Exercise requirements
Nothing but the lines from the one containing "Used 2023 Red Ford XL image 2" through the last line of the records below should be copied, exactly and without pictures.

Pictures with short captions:
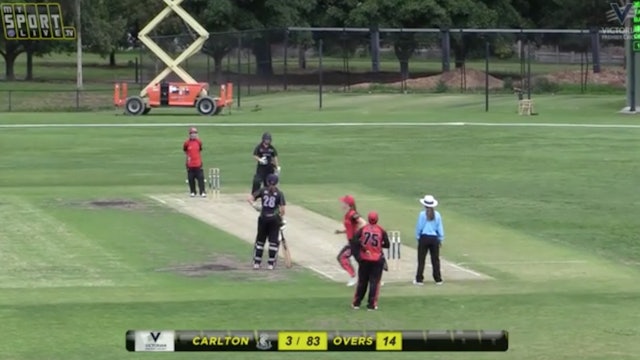 2018 Women's Premier Cricket T20 Grand Final - GAME 1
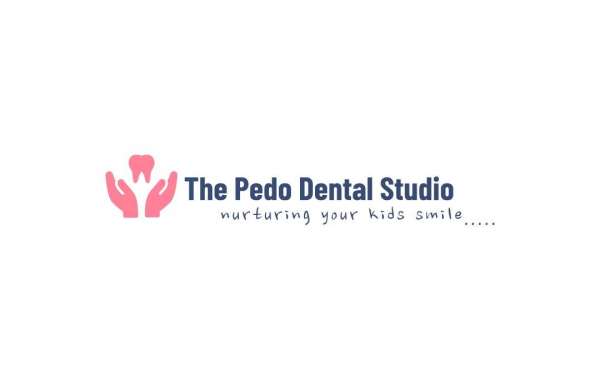 The Pedo Dental Studio: Your Top Choice for Kids Dental Care in Noida.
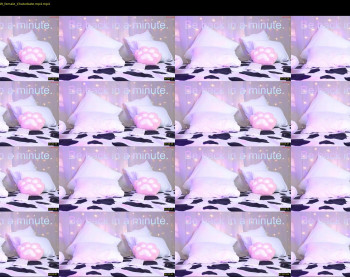 _a_n_n_y_ — 8 minute Chaturbate female cam show recording, 720p, Sep 20, 2024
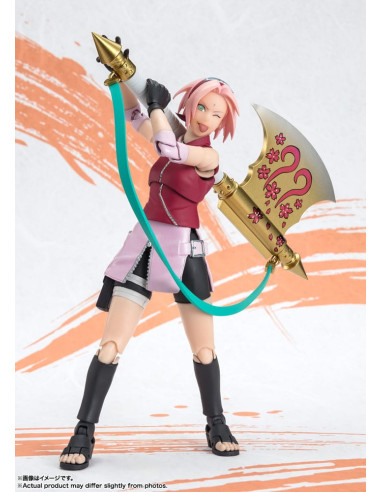 Figura Naruto Shippuden Sakura Haruno...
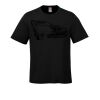 Parkour - Men's Crewneck Ring Spun Combed Cotton T-Shirt Bulk Order Thumbnail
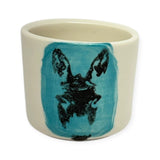 Espresso Shot - teal burro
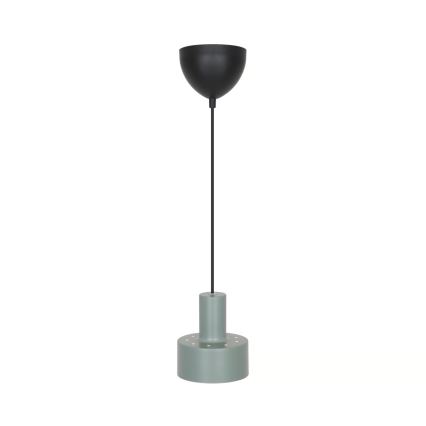Nordlux - Hanglamp MATIS 1xE27/40W/230V groen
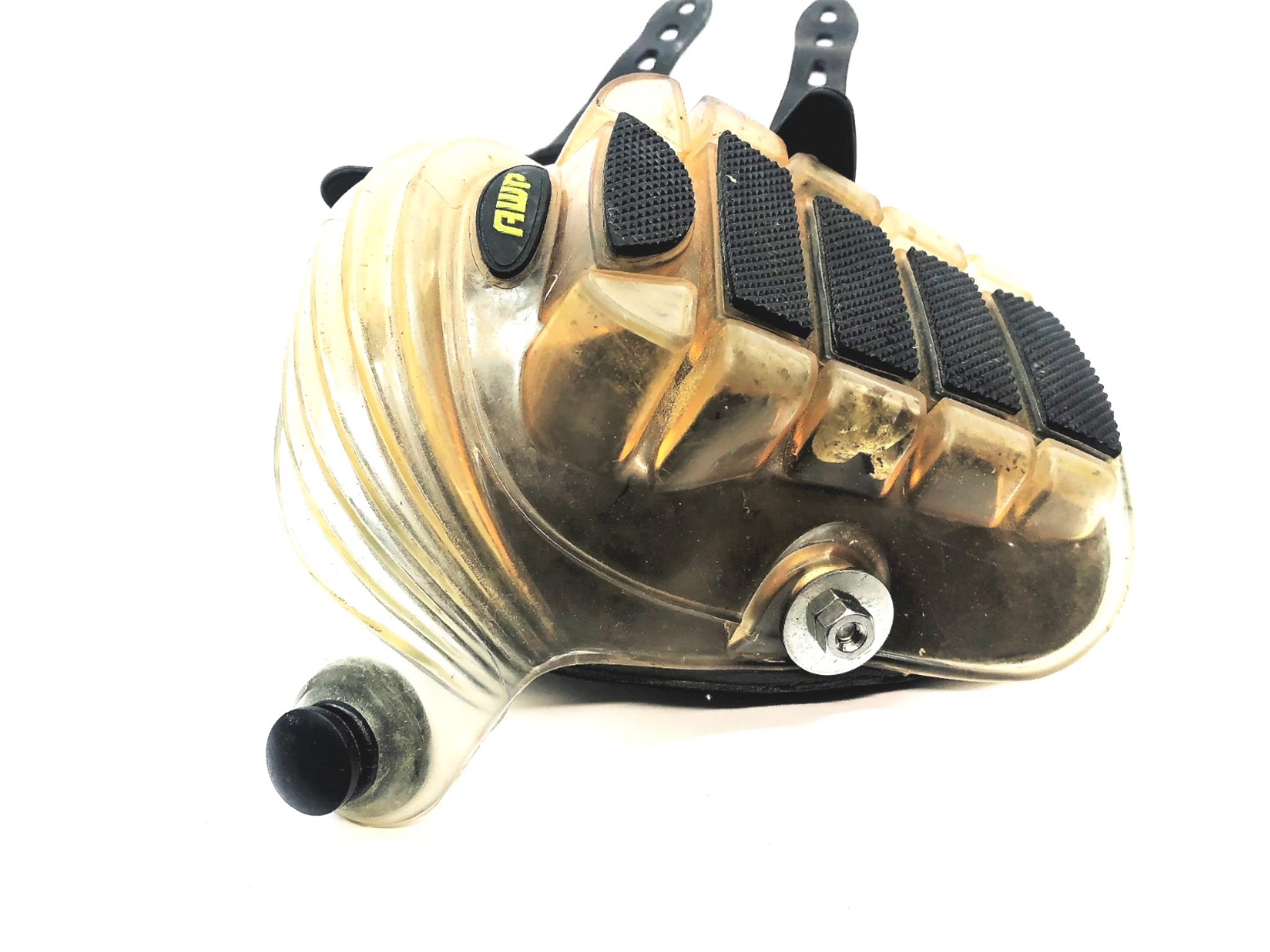 AWP Pair Breathable Gel Zone Knee Pads USED eBay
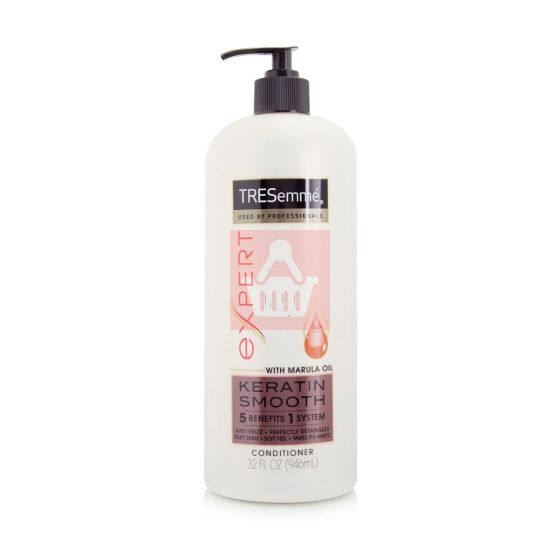 Tresemme Keratin Smooth With Marula Oil Conditioner - 946ml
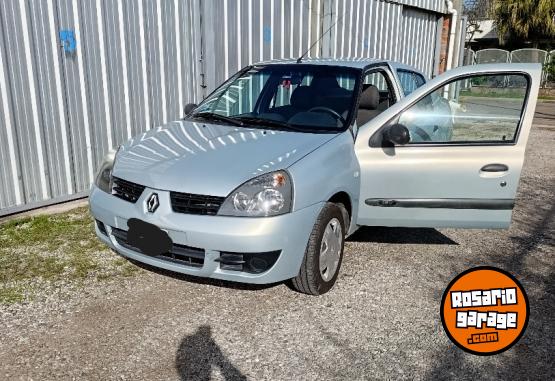 Autos - Renault Clio 2008 Nafta 110000Km - En Venta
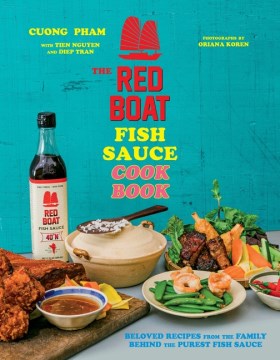 The Red Boat Fish Sauce Cookbook - MPHOnline.com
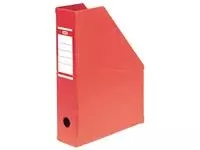 Buy your Tijdschriftcassette Elba A4 rood at QuickOffice BV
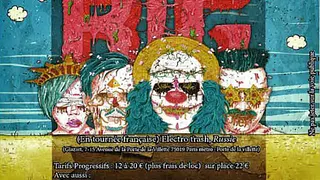 Little BIG + Sodoma Gomora + Toby screamer + Shaârghot + Anny B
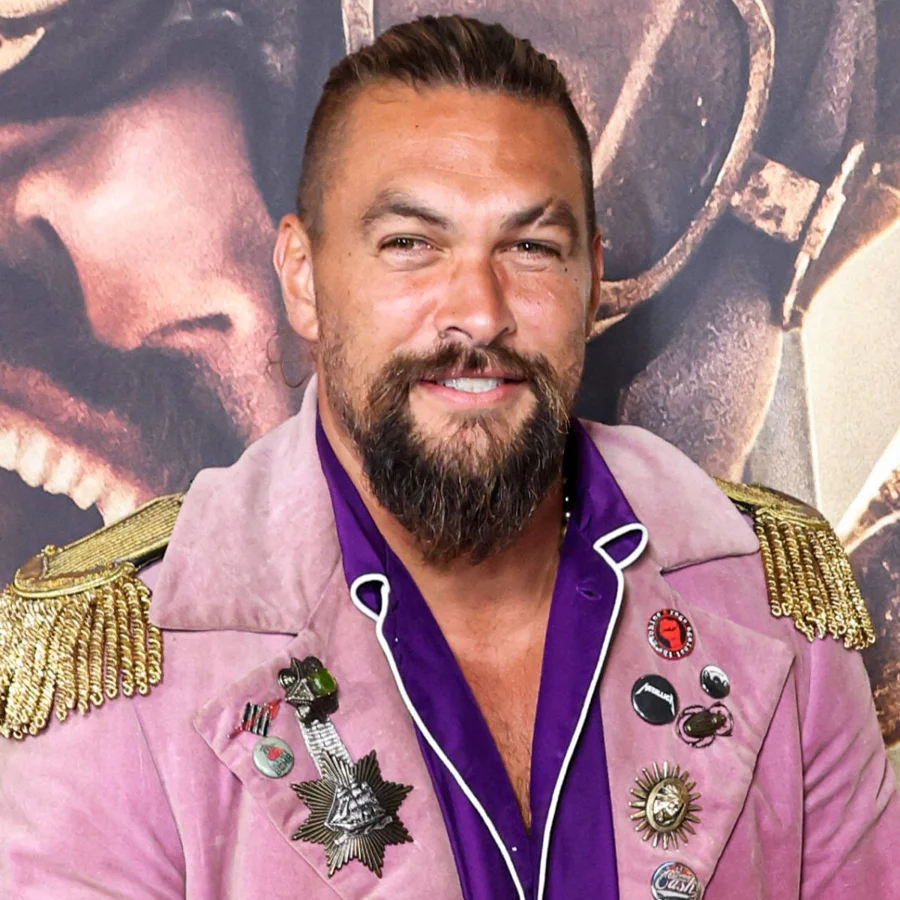 Jason Momoa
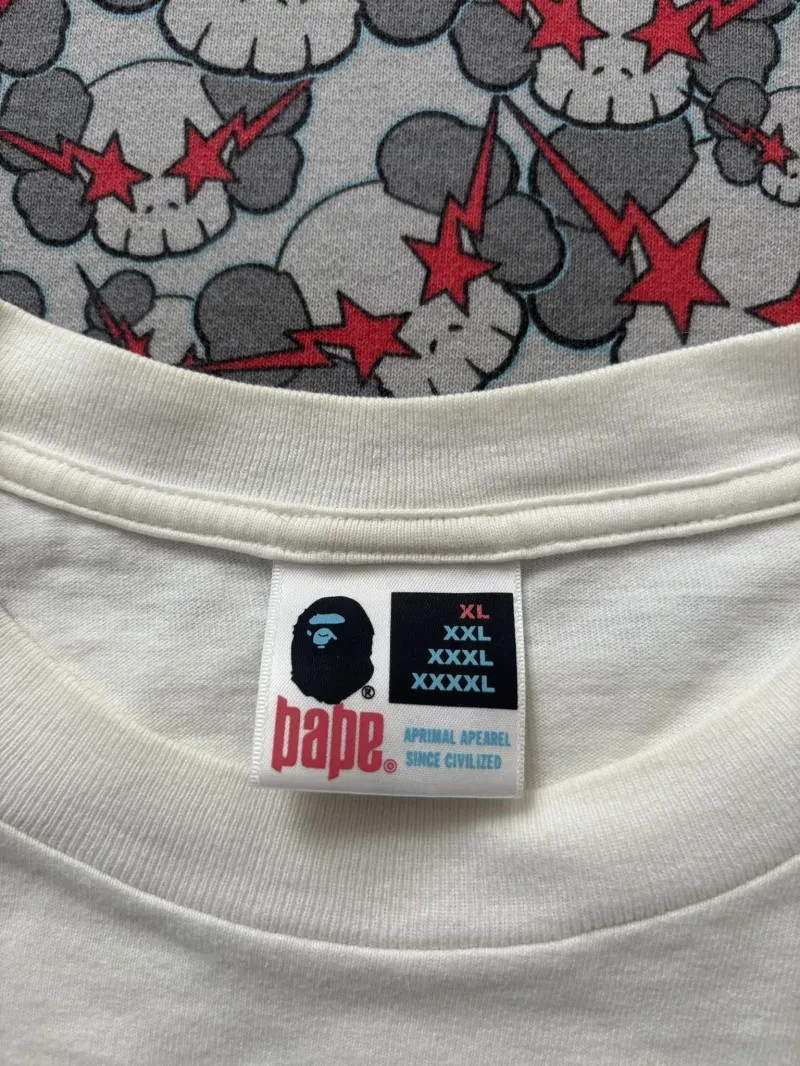 2007 Bape "June" Calendar Tee SZ/ XL gallery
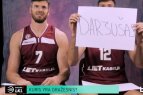 „Betsafe–LKL“ derinys: Broliai Lavrinovičiai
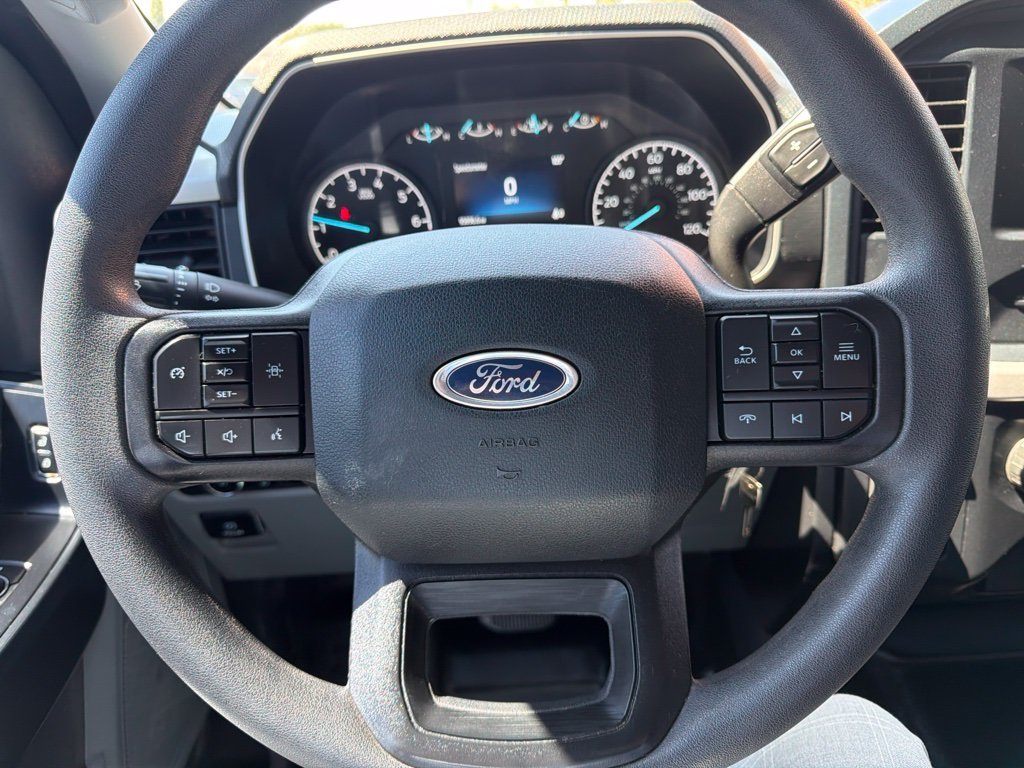 Used 2023 Red Ford XL image 2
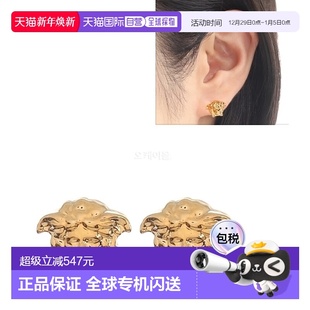 3J000 VERSACE DMT1 DG25591 珠宝范思哲 美杜莎耳钉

Result for this exercise
 Used 2023 Red Ford XL image 2
 3J000 VERSACE DMT1 DG25591 珠宝范思哲 美杜莎耳钉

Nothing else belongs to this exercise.